Darkseider wrote:Granted the Cell is an in order processor but that doesn't make it slow. With 2x Cell processors and a GPU the machine should be more than usable.
The problem is - although the Cell is quite fast - it is SERIOUSLY gimped as a general purpose processor by the weak performance of the PPE.
Let's look at a real world example. We'll take QEMU. QEMU is an emulator - not a virtualizer. So - even if you run it on an x86, it still has to translate.
So looking at my PS3 and my Core2Duo Lenovo laptop, we can boot the little test Linux under QEMU and run nbench. I get these results for the Original Bytemark Results. These are in comparison to a Pentium 90.
PS3:
Integer Index: 0.713
Floating Point Index: 0.783
Lenovo:
Integer Index: 3.891
Floating Point index: 2.445
So - the PS3 QEMU is .7 as fast as a Pentium 90, and the Core 2 Duo is 3, nearly 4 times faster. Both take a big hit with QEMU - it is an emulator - but until the PPE posts this kind of performance, there isn't going to be great demand for this as a general purpose processor. Not with the price points of x86.
Think of it this way the PS3 has one Cell @ 3.2 Ghz w/ 6 SPEs available for use and YDL/Ubuntu/Fedora are all pretty damned snappy on it especially with only 256 meg of RAM to play with.
The snappiness you see is more a factor of Linux than any raw speed of the PPE core of the Cell. It's roughly equivalent to a G3 Mac - G4 if you're being charitable. Considering how fast Macs are now, that's not great.
Now I agree that not every user would be able to squeeze the performance out of the SPEs on this box but Sony and game devs are doing a damned good job as are other third parties.
But - they're doing that in games - not in OSes. The Cell is a game processor, multimedia decoder and (sometimes) supercomputer core.

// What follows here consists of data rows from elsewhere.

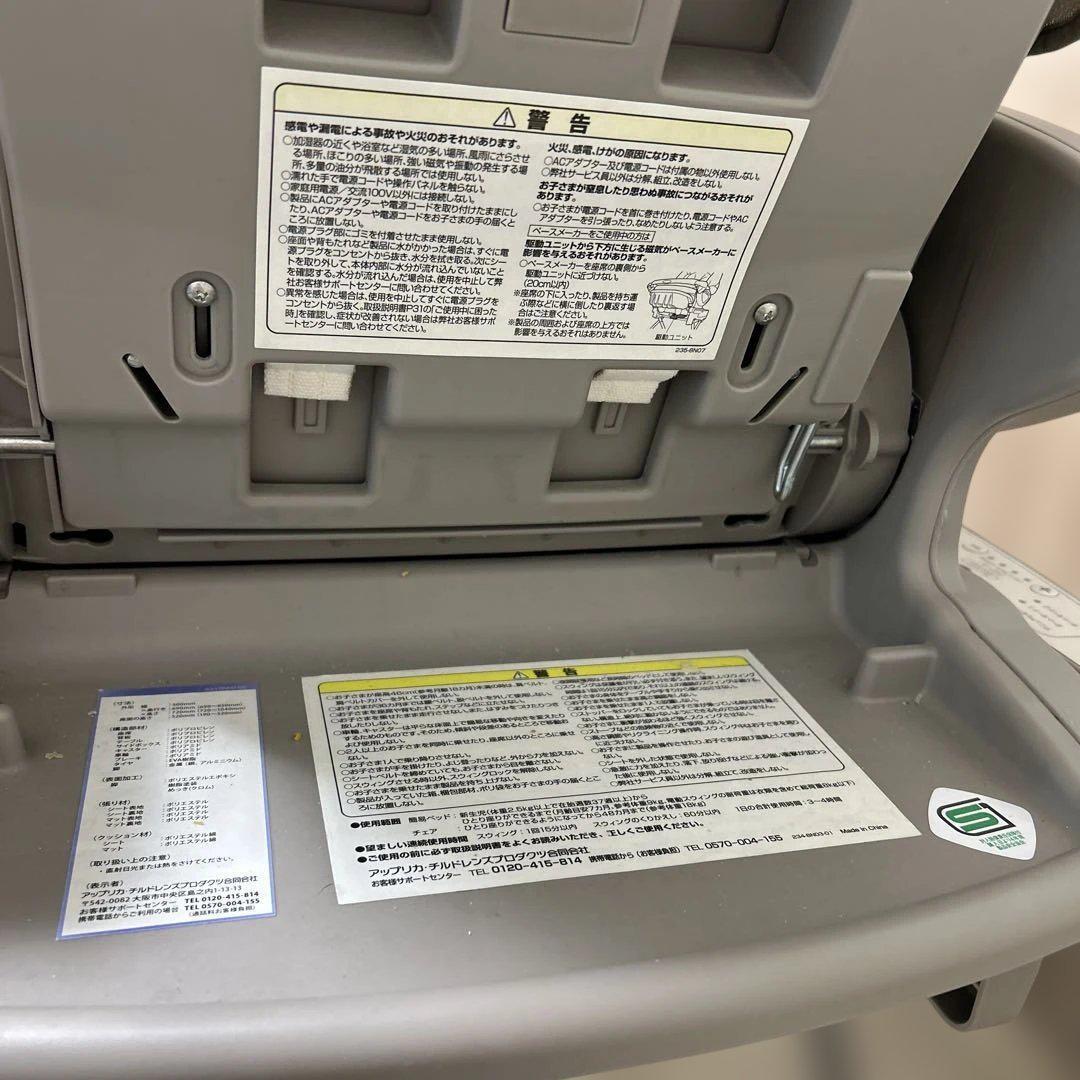 動作確認済み✨Aprica ユラリズムオート　ハイローベッド　チェア　高さ調節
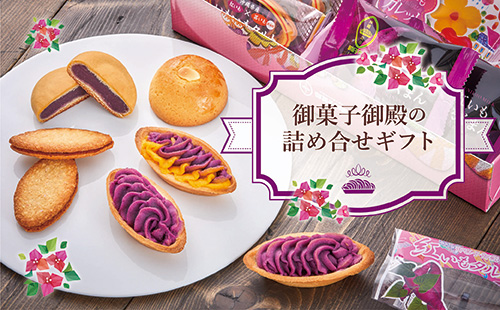 御菓子御殿お取り寄せショップ / TOPページ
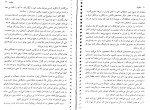 کتاب سکوت سوزان کین دانلود PDF-1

It's not a general purpose processor - no matter what IBM tells you.
I highly encourage you to read "The Race For A New Game Machine" by David Shippy and Mickie Phipps. David was the lead IBM designer of the PPE. He lays out pretty clearly its strengths (low power, great for setting up SPEs) and weaknesses (lack of out-of-order processing, unsuitability for general purpose OSes).
Think about the DEC Alpha when it was first introduced and how radically different it was. Once the architecture gained acceptance and started being put into all sorts of machines from servers to desktops even Microsoft made their OSs for it.
It wasn't as radically different as the Cell. I worked at a company that used DEC Alphas - they were great. I ran Win NT 4.0, TRU-64 Unix and Debian Linux on them. But - they were also standard-ish architecture processors that ran super, super fast. You could work the compiler technology around it.
So just like any other new processor out there it needs time to mature and applications written for it to take advantage of the SPEs. Same goes for compiler technology and optimized libraries, etc... .
Ah - but that's the rub. Writing applications to take advantage of the SPEs requires you to code specifically for them. SPEs can not run PPE code and vice versa. Most Linux programmers program for a unified thread model - x86 - they're not going to write a separate program for the Cell. Even the PowerPC compiles you see out there are re-compiles from x86 code - a true PowerPC - like a G5 - isn't radically different from an x86 from a programmer's point of view. (Yes - I know it's RISC vs. CISC - but that's primarily a compiler difference unless you're writing assembly code.)
Point is if they build it they will come and I am sure I am not the only one that thinks this way
Obviously you're not - we wouldn't be discussing this on this great forum if you were.
But - I don't see a market for this machine. Not until IBM/Sony/Toshiba release a more general purpose version of the Cell. Right now, it's designed for Game Machines (PS3) and specialty servers (Zego, Blade).
Those that are interested - like myself - bought PS3s. As far as the market is concerned, they're covered. They're probably figuring that anyone else who's really interested can build them from scratch.